-- Source information follows --
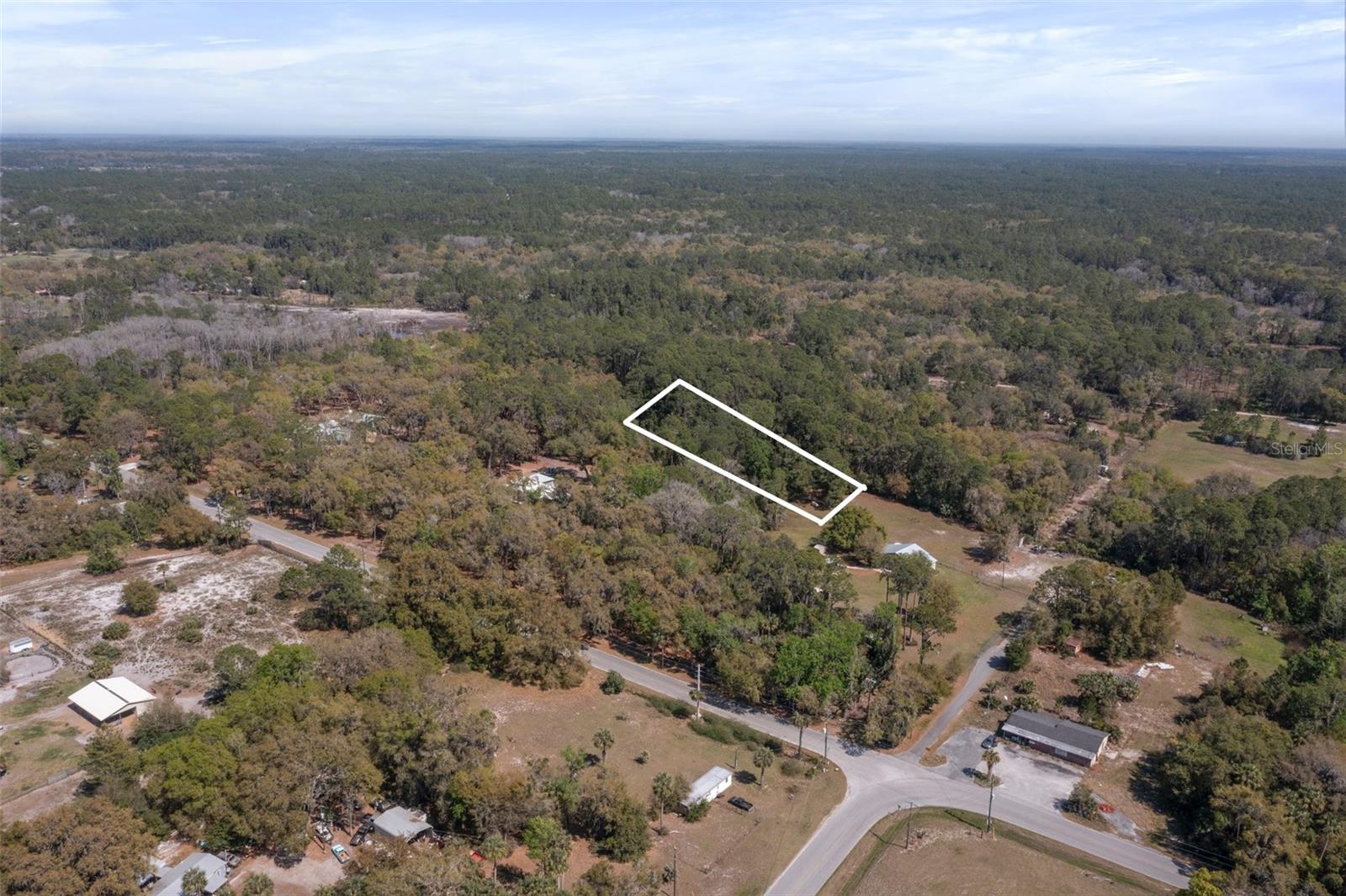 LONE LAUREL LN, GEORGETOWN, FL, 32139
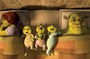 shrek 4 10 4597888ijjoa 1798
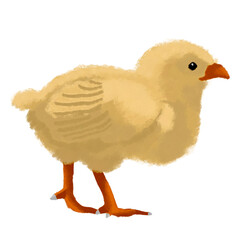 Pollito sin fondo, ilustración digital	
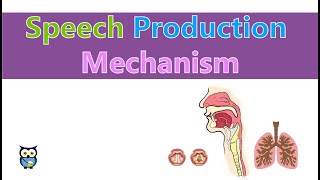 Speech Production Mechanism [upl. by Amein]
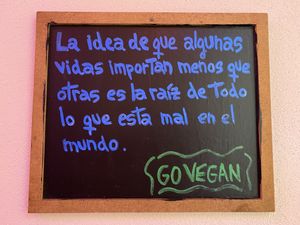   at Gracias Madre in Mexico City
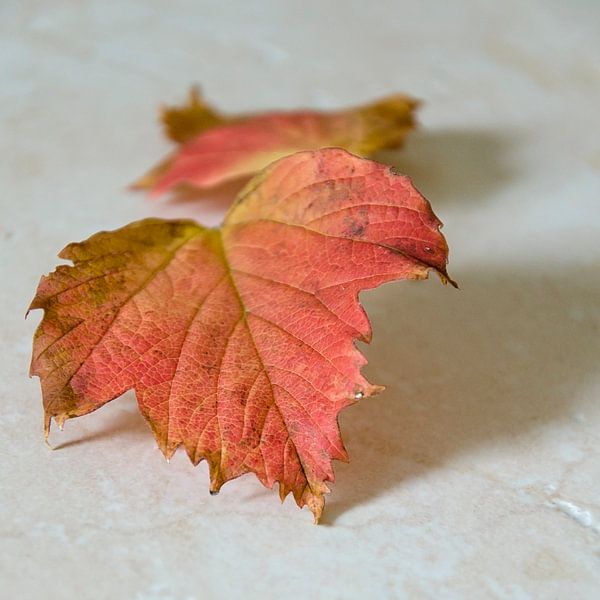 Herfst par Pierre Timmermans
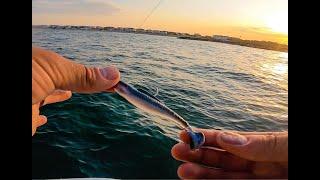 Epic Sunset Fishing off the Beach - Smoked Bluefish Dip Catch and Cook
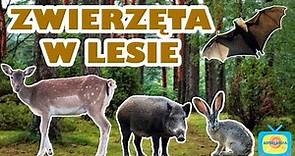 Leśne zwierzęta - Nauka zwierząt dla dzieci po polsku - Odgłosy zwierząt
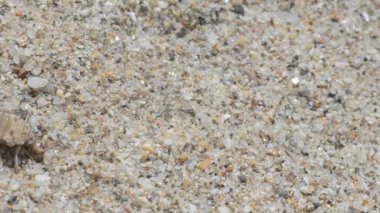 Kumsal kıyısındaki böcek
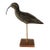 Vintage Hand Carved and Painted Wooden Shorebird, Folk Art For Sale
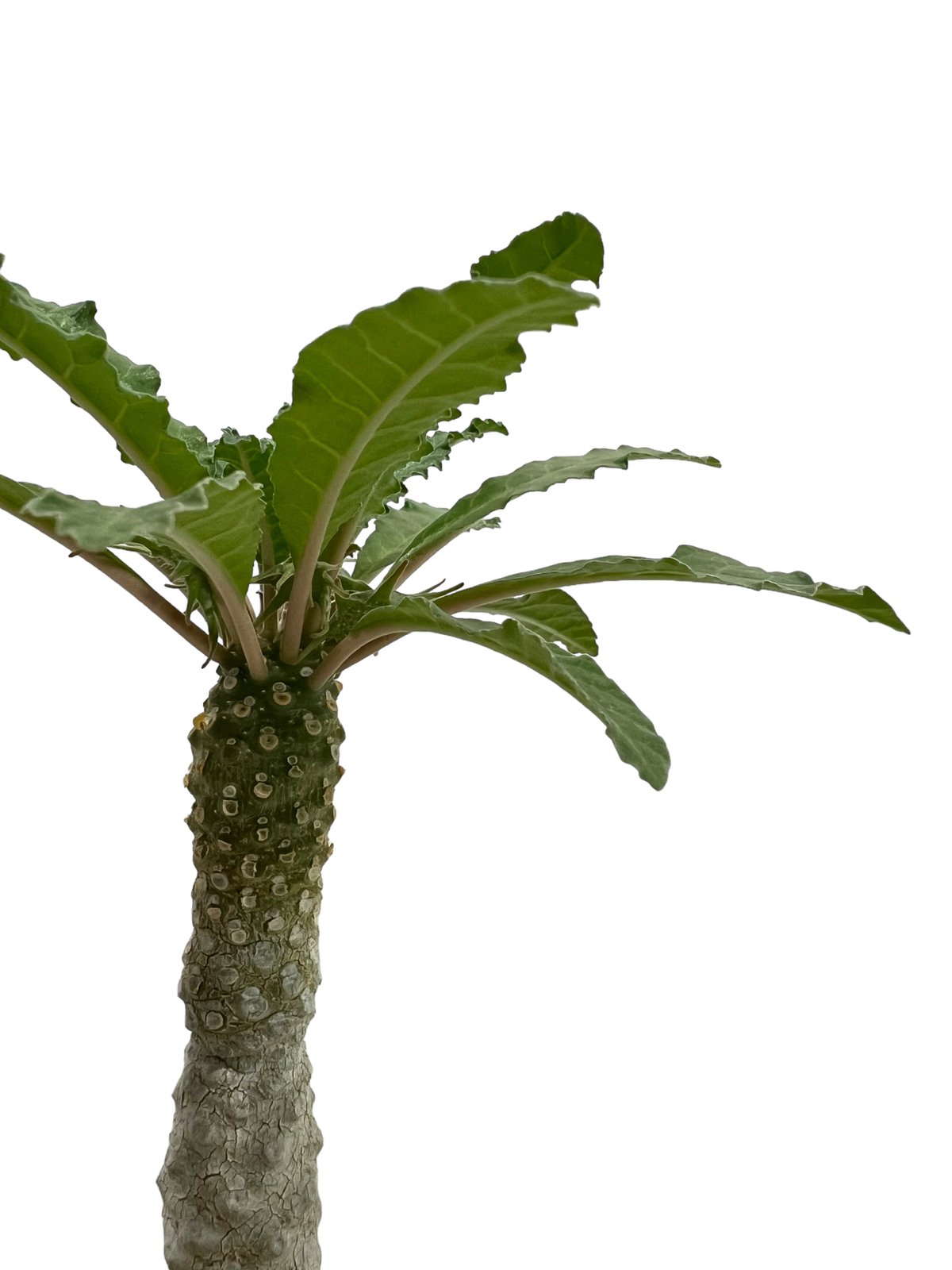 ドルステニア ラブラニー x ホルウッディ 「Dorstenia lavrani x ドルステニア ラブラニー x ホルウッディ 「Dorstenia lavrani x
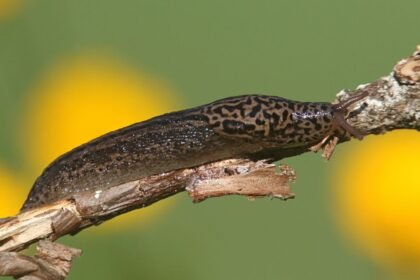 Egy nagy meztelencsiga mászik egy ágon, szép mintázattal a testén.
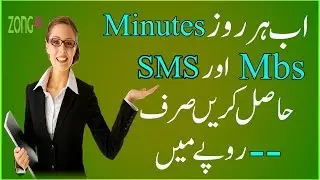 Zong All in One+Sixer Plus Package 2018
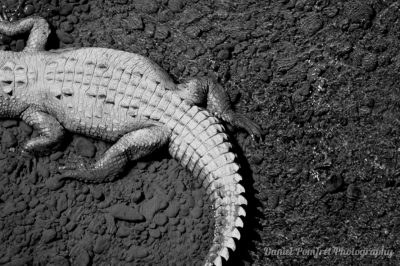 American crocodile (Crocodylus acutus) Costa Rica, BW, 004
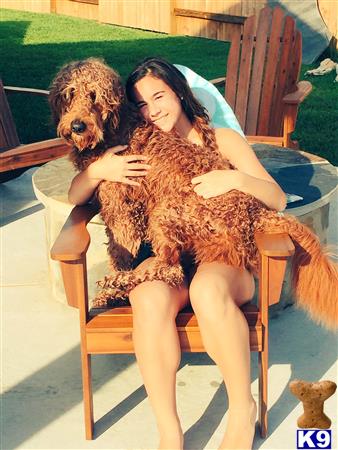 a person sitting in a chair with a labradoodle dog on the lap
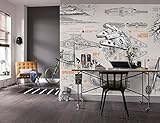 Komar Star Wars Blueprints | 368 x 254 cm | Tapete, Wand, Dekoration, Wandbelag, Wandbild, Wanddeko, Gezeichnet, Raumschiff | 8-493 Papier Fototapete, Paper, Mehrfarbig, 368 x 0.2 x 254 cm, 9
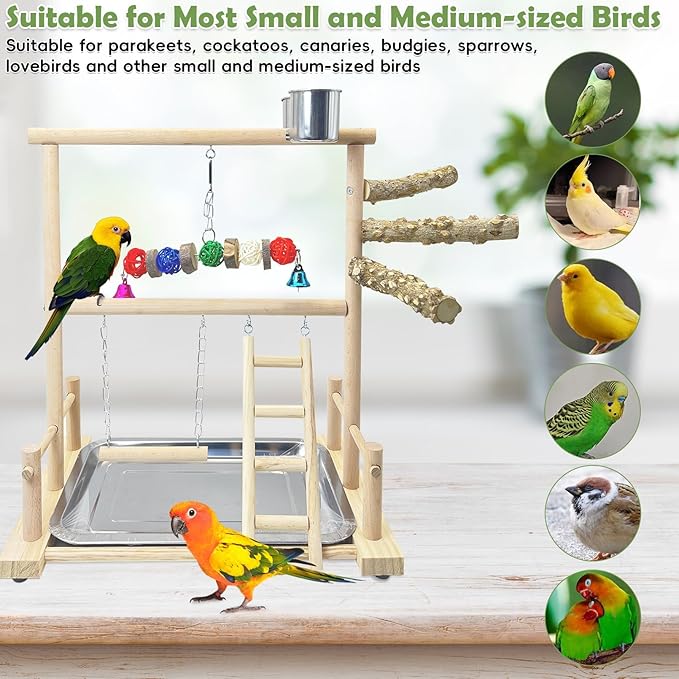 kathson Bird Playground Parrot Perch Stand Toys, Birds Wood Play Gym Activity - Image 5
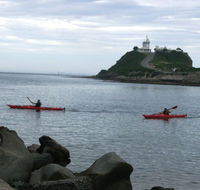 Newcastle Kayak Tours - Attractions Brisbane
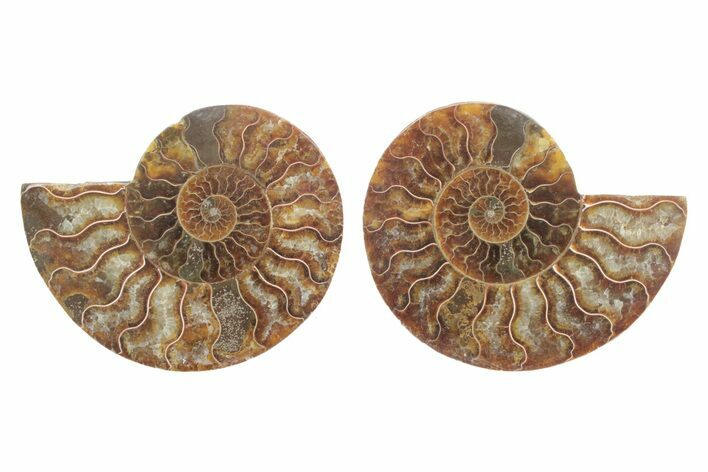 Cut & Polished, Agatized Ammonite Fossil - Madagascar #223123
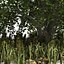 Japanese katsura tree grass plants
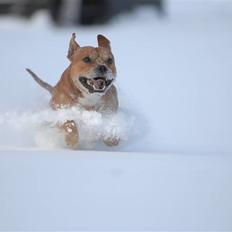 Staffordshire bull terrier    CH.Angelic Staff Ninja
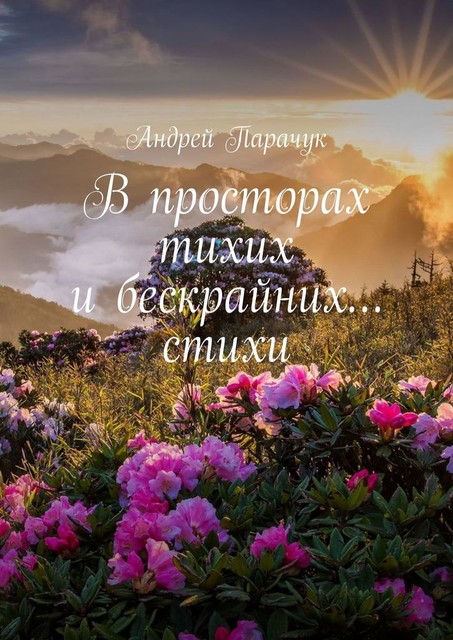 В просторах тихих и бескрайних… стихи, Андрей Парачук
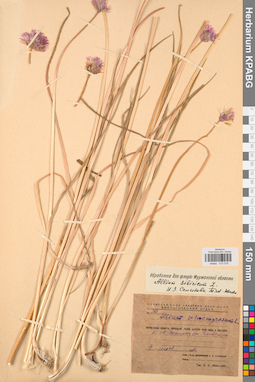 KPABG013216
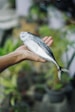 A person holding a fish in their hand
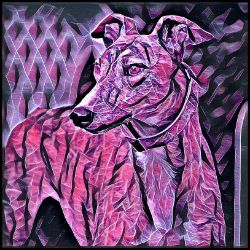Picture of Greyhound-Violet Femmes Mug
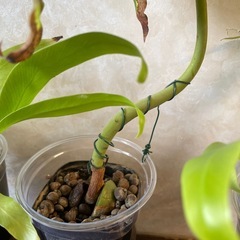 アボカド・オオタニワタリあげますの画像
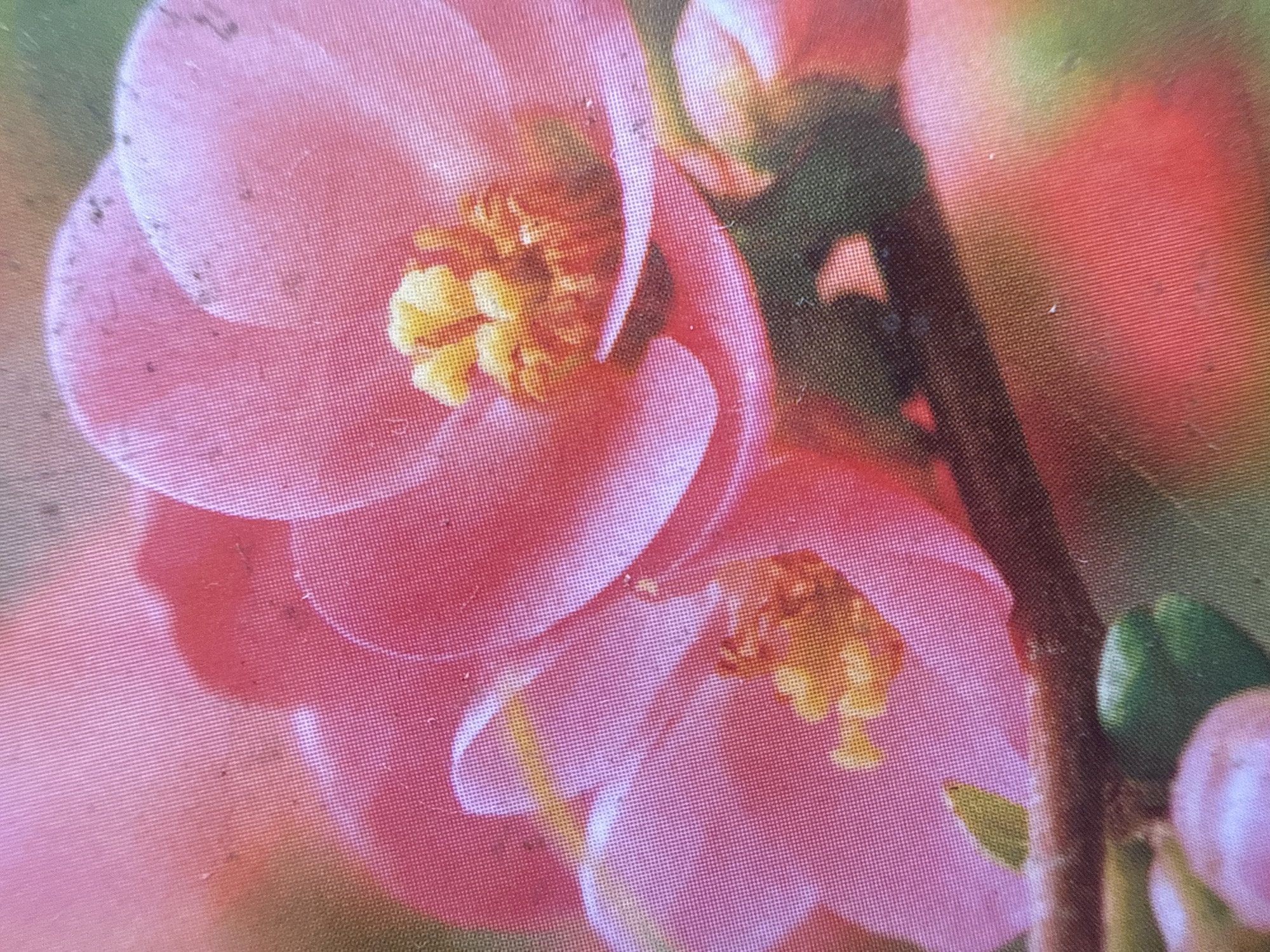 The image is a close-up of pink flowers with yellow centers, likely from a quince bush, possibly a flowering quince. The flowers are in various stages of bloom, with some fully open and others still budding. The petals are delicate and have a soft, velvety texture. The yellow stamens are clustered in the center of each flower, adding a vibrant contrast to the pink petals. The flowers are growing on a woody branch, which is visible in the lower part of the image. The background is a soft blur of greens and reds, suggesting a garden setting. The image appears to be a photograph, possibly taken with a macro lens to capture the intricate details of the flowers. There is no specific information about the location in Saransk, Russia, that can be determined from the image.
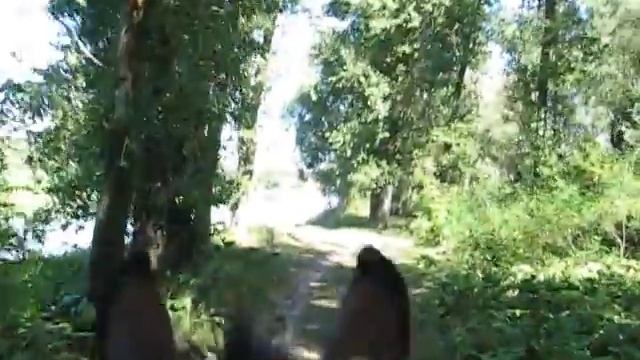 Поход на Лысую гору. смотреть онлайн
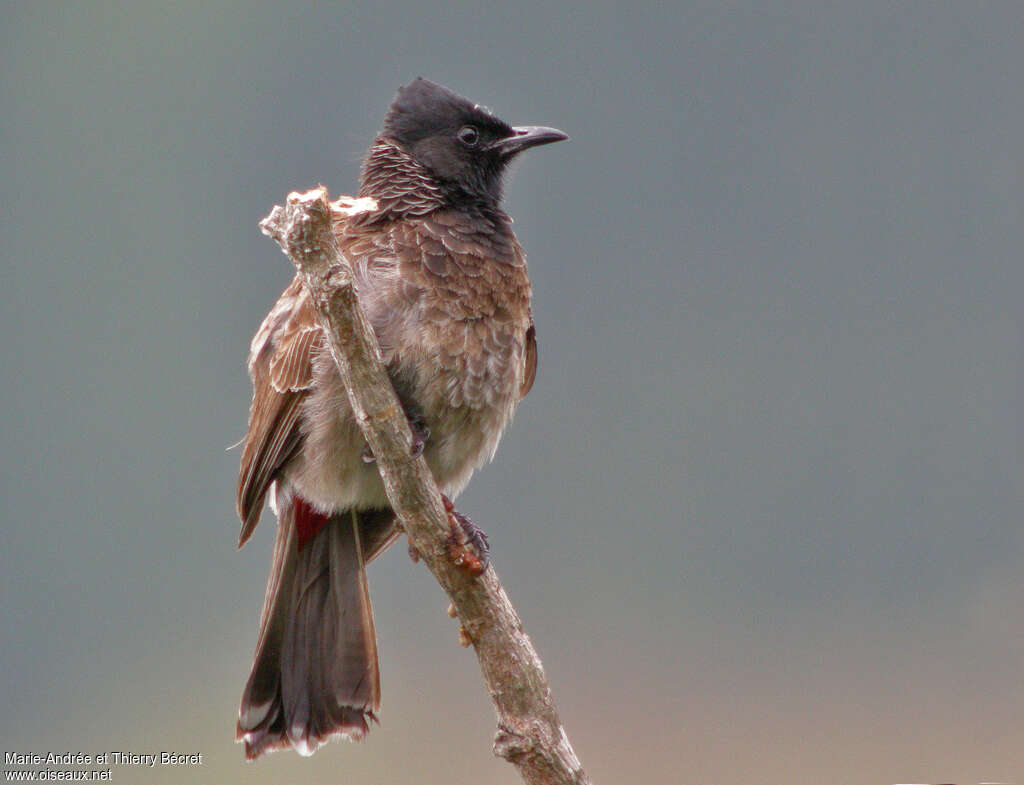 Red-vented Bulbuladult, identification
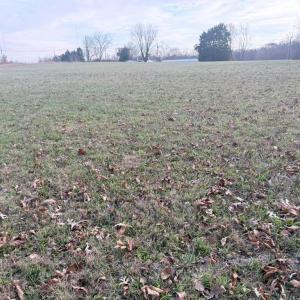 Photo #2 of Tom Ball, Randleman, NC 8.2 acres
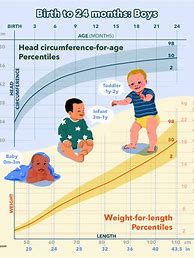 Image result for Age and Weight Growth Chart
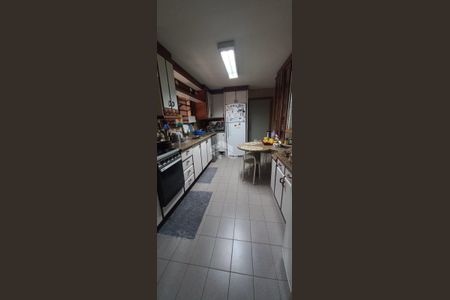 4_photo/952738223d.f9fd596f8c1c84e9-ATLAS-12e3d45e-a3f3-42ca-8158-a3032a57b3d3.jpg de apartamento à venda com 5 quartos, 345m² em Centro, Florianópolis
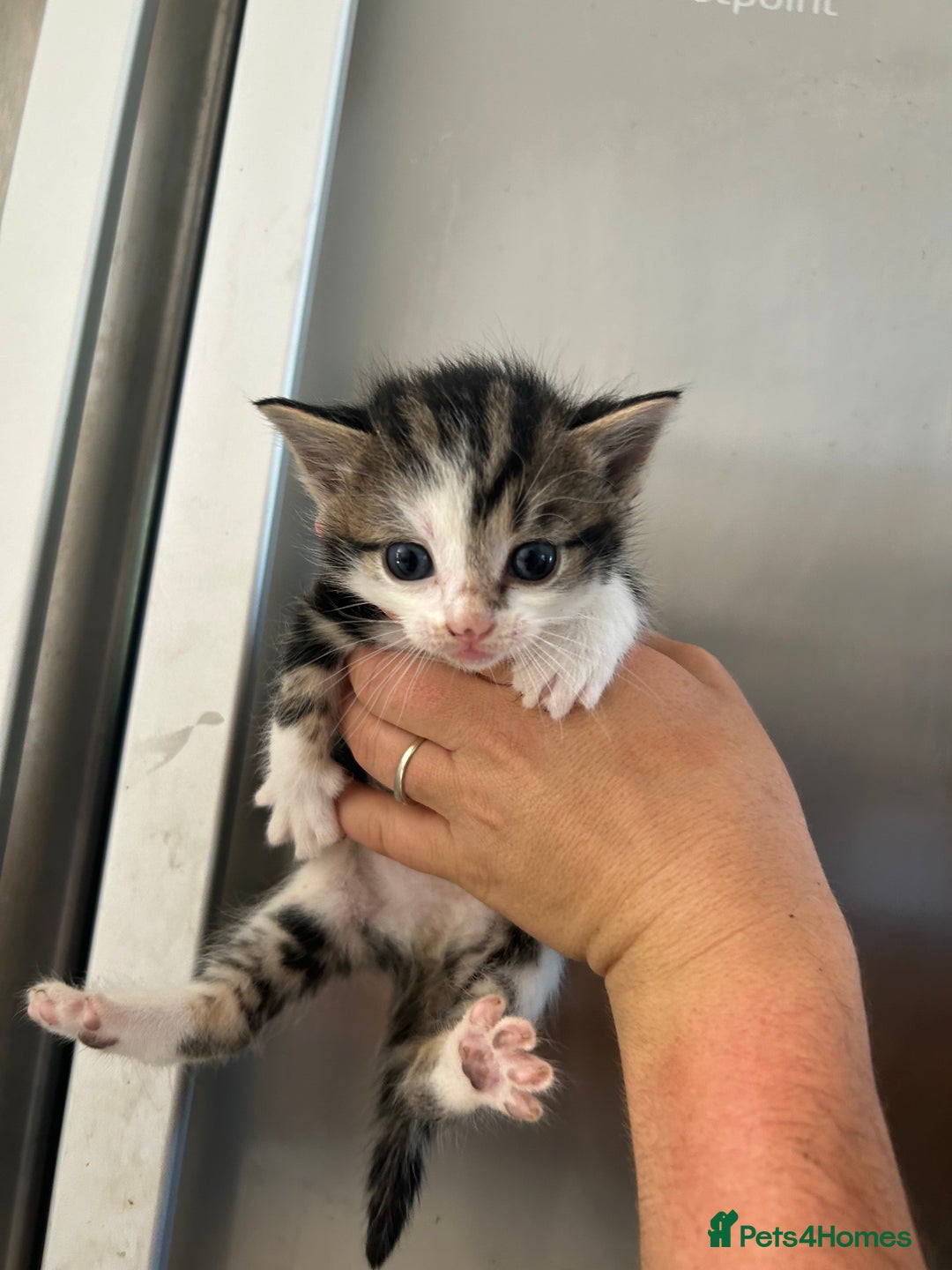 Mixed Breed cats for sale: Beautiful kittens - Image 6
-- Source information concluded --
▶ _Exercise goal_: The answer must be the full listing, restated word for word, with no pictures in it.

▶ _Reply_:
 LONE LAUREL LN, GEORGETOWN, FL, 32139
 shrek 4 10 4597888ijjoa 1798
 Pollito sin fondo, ilustración digital	
 Speech Production Mechanism [upl. by Amein]
   at Gracias Madre in Mexico City
 Herfst par Pierre Timmermans
 Epic Sunset Fishing off the Beach - Smoked Bluefish Dip Catch and Cook
 Leśne zwierzęta - Nauka zwierząt dla dzieci po polsku - Odgłosy zwierząt
 Kumsal kıyısındaki böcek
 Vintage Hand Carved and Painted Wooden Shorebird, Folk Art For Sale
 ドルステニア ラブラニー x ホルウッディ 「Dorstenia lavrani x ドルステニア ラブラニー x ホルウッディ 「Dorstenia lavrani x
 Egy nagy meztelencsiga mászik egy ágon, szép mintázattal a testén.
 Zong All in One+Sixer Plus Package 2018
 American crocodile (Crocodylus acutus) Costa Rica, BW, 004
 a person sitting in a chair with a labradoodle dog on the lap
 Komar Star Wars Blueprints | 368 x 254 cm | Tapete, Wand, Dekoration, Wandbelag, Wandbild, Wanddeko, Gezeichnet, Raumschiff | 8-493 Papier Fototapete, Paper, Mehrfarbig, 368 x 0.2 x 254 cm, 9
 kathson Bird Playground Parrot Perch Stand Toys, Birds Wood Play Gym Activity - Image 5
 Newcastle Kayak Tours - Attractions Brisbane
 Cut & Polished, Agatized Ammonite Fossil - Madagascar #223123
 Japanese katsura tree grass plants
 Staffordshire bull terrier    CH.Angelic Staff Ninja
 В просторах тихих и бескрайних… стихи, Андрей Парачук
 KPABG013216
 A person holding a fish in their hand
Picture of Greyhound-Violet Femmes Mug
 アボカド・オオタニワタリあげますの画像
 The image is a close-up of pink flowers with yellow centers, likely from a quince bush, possibly a flowering quince. The flowers are in various stages of bloom, with some fully open and others still budding. The petals are delicate and have a soft, velvety texture. The yellow stamens are clustered in the center of each flower, adding a vibrant contrast to the pink petals. The flowers are growing on a woody branch, which is visible in the lower part of the image. The background is a soft blur of greens and reds, suggesting a garden setting. The image appears to be a photograph, possibly taken with a macro lens to capture the intricate details of the flowers. There is no specific information about the location in Saransk, Russia, that can be determined from the image.
 Поход на Лысую гору. смотреть онлайн
 Red-vented Bulbuladult, identification
 Photo #2 of Tom Ball, Randleman, NC 8.2 acres
 Image result for Age and Weight Growth Chart
 4_photo/952738223d.f9fd596f8c1c84e9-ATLAS-12e3d45e-a3f3-42ca-8158-a3032a57b3d3.jpg de apartamento à venda com 5 quartos, 345m² em Centro, Florianópolis
 Mixed Breed cats for sale: Beautiful kittens - Image 6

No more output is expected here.